Thirty to 40 years later, components of all of them are breaking down. Witness the terrace around Burnside, for instance. Fixing it isn't merely a question of esthetics. As Adler points out, the terrace is actually a complicated rooftop, one that used to leak water right into the computer room in the basement. The Burnside Terrace isn't alone in this characteristic. "Those concrete terraces were a '60s style," notes Adler. "All of them have leaked and all have spaces beneath."
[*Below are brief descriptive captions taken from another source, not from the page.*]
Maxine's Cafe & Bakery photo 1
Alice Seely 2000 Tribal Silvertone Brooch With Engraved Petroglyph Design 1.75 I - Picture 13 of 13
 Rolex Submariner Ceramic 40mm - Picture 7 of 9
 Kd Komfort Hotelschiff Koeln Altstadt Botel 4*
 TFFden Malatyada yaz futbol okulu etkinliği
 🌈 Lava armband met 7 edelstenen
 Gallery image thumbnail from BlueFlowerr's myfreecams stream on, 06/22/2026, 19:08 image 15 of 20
In some ways, little has changed since the '60s in terms of how the University approaches the question of maintenance. According to the CAUBO report, universities should put aside two per cent of every building's replacement value every year in a fund for maintenance. That didn't happen in the '60s and it doesn't happen now, says Adler. "We're just making do again and the base maintenance budgets are no better off."

Still, Adler has some cause for optimism, especially because of Principal Bernard Shapiro's demonstrated interest in making headway on this matter; it was Shapiro who supported the Campus Renewal fund last year, using $10 million from the operating budget. It was a move that was greatly appreciated by Adler.

"If the people at the top don't give this priority, it just won't happen because the University is dealing with so many other important funding issues."

Shapiro, for his part, sees no alternative but to borrow or use money from the operating budget. "I'm desperate. You can't have students in classrooms with the walls falling down." Besides, he adds, "it costs more to let things go. The resultant deterioration costs more than the interest on the loans." McGill has taken out a loan of $10 million to fund a host of renovation projects this summer.

McGill is nearing the end of "stage one" of its strategy for deferred maintenance: looking after the dangerous structures. Stage two involves repairing or upgrading such items as ventilation systems, tunnels and roofs before they become dangerous.

"We've done the sprint stuff, now we're in for the long haul," says Adler with a laugh.

The problem of deferred maintenance is also one of image. It's hard to raise private funds for leaky roofs and mechanical problems, notes Vice-Principal (Development & Alumni Relations) Derek Drummond. "There's no sex appeal in replacing an air conditioning system unless [donors] are in the building themselves frying." And there are few opportunities for naming in the domain of repairs.

Shapiro believes that people are reluctant to make donations for maintenance because it's hard to identify with a new boiler, for instance, as opposed to establishing a scholarship. Furthermore, he says, "people don't want to see themselves as substitutes for government."

The only area where there's a possibility of attracting alumni support or support from the private sector is in the preservation of heritage buildings, of which McGill has no fewer than 35. Drummond started a donation program for heritage buildings last year but it hasn't attracted much support yet. As he says, "It's much easier to attract funds for new buildings."